-- Exercise inputs follows --

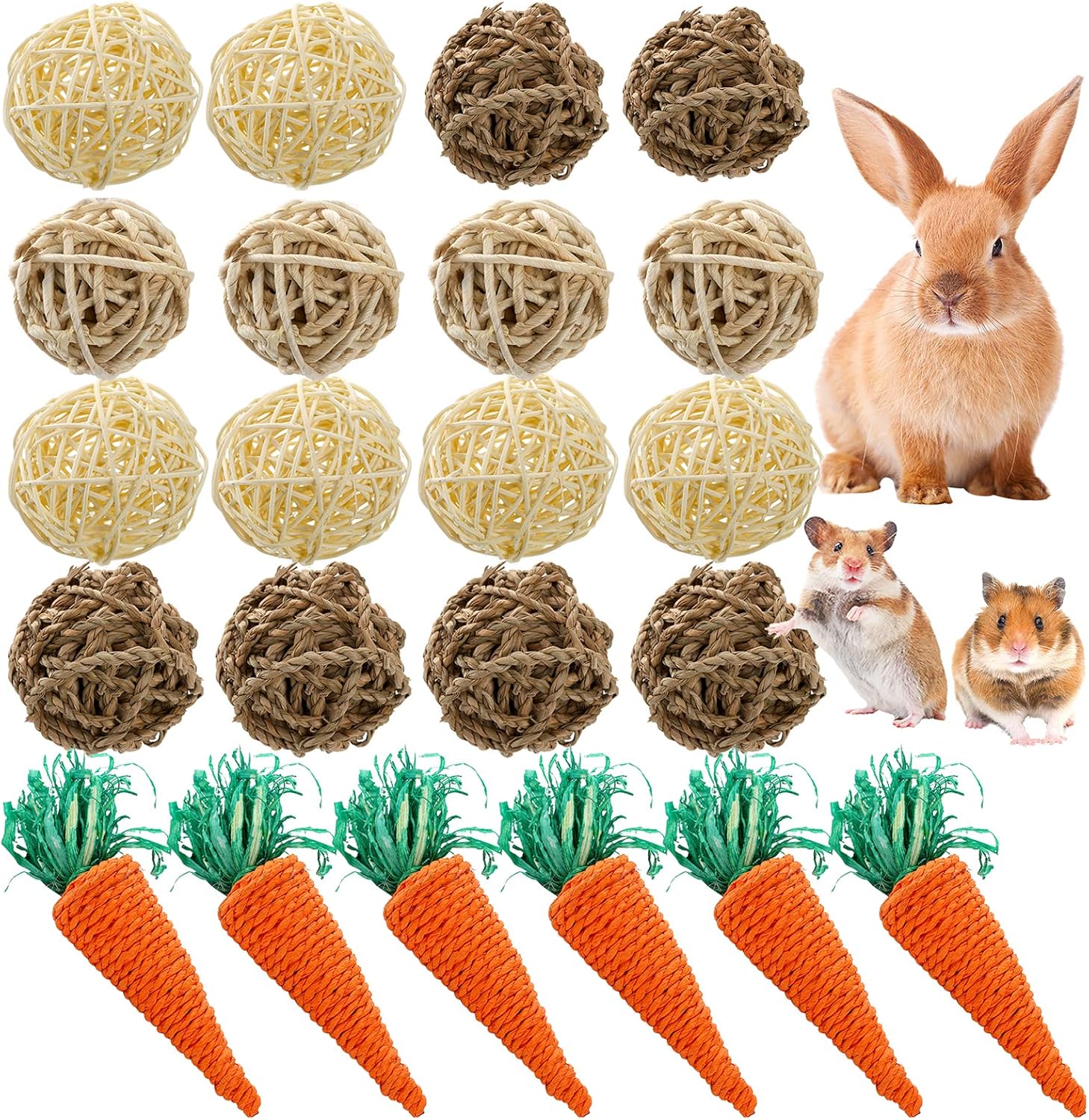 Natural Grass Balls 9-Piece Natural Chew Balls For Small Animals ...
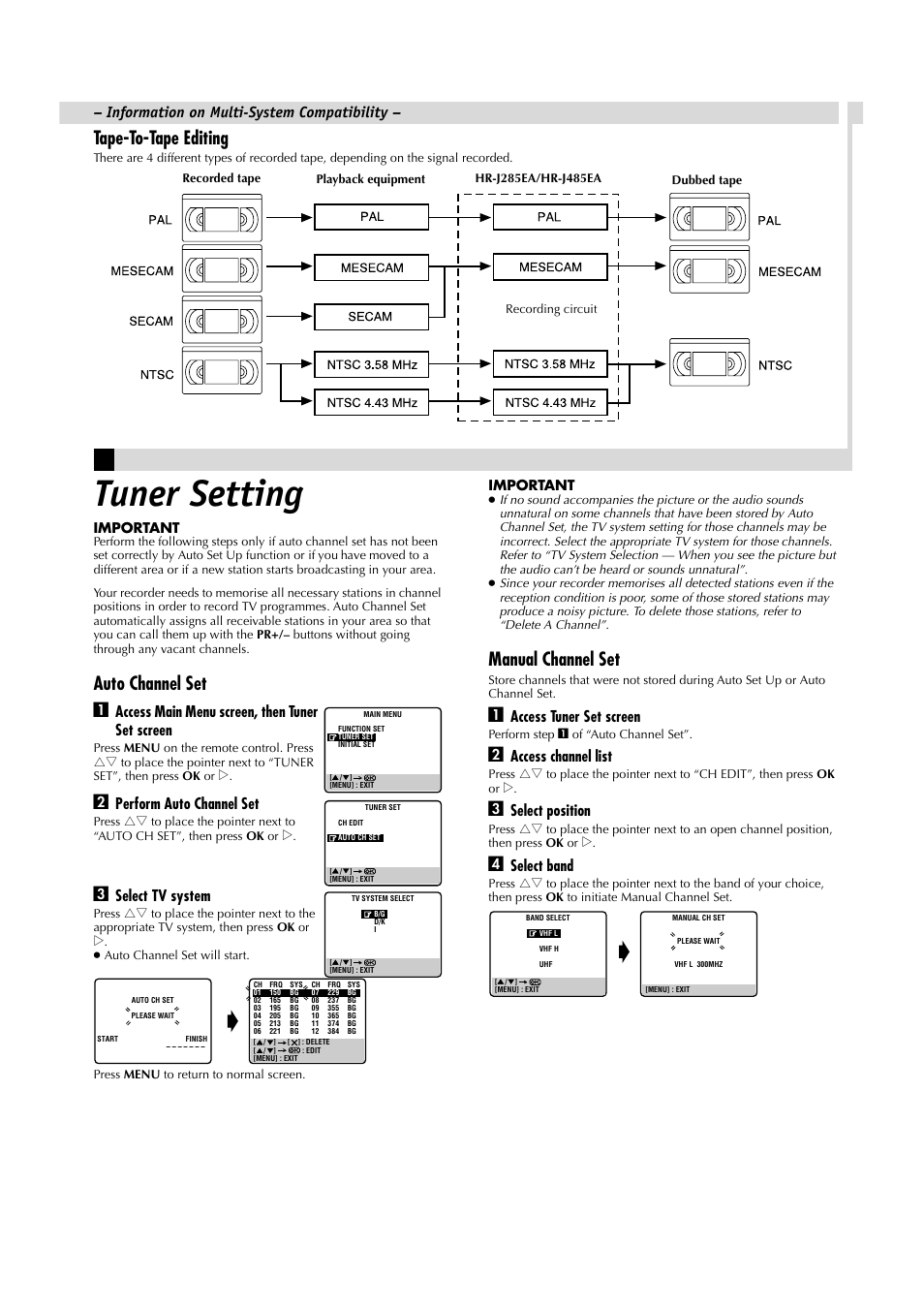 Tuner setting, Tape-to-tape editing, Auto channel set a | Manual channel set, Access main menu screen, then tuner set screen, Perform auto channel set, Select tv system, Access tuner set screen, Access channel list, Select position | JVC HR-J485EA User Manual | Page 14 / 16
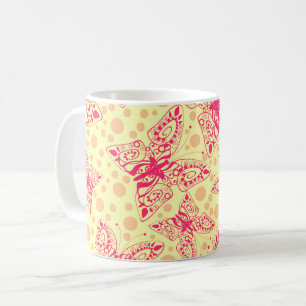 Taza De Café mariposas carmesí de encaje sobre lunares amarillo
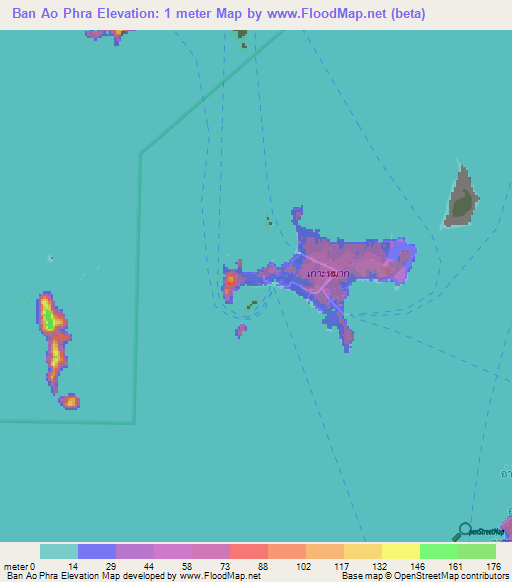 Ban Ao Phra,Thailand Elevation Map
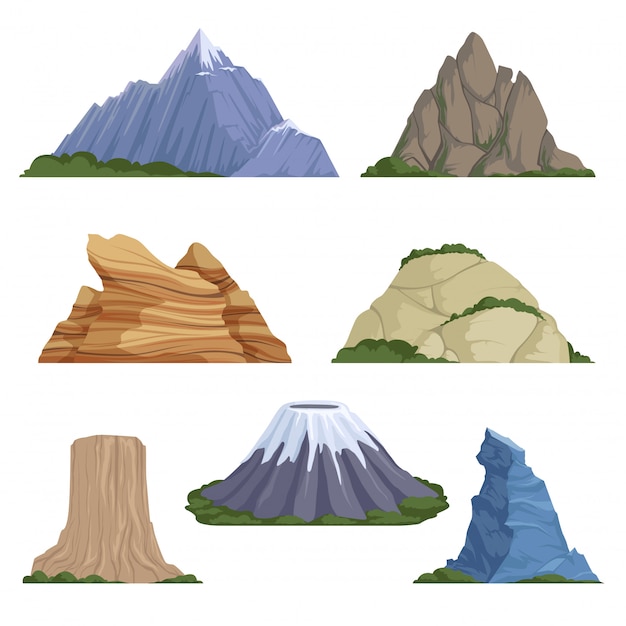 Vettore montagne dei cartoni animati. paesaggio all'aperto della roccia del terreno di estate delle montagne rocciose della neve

-- Exercise inputs concluded --

▸ The problem:
Repeat exactly the lines above, from the line containing "Tuner setting, Tape-to-tape" through the last line of the records, inclusive; omit any pictures.

▸ Response below:
 Tuner setting, Tape-to-tape editing, Auto channel set a | Manual channel set, Access main menu screen, then tuner set screen, Perform auto channel set, Select tv system, Access tuner set screen, Access channel list, Select position | JVC HR-J485EA User Manual | Page 14 / 16
 Taza De Café mariposas carmesí de encaje sobre lunares amarillo
 Ban Ao Phra,Thailand Elevation Map
 Vettore montagne dei cartoni animati. paesaggio all'aperto della roccia del terreno di estate delle montagne rocciose della neve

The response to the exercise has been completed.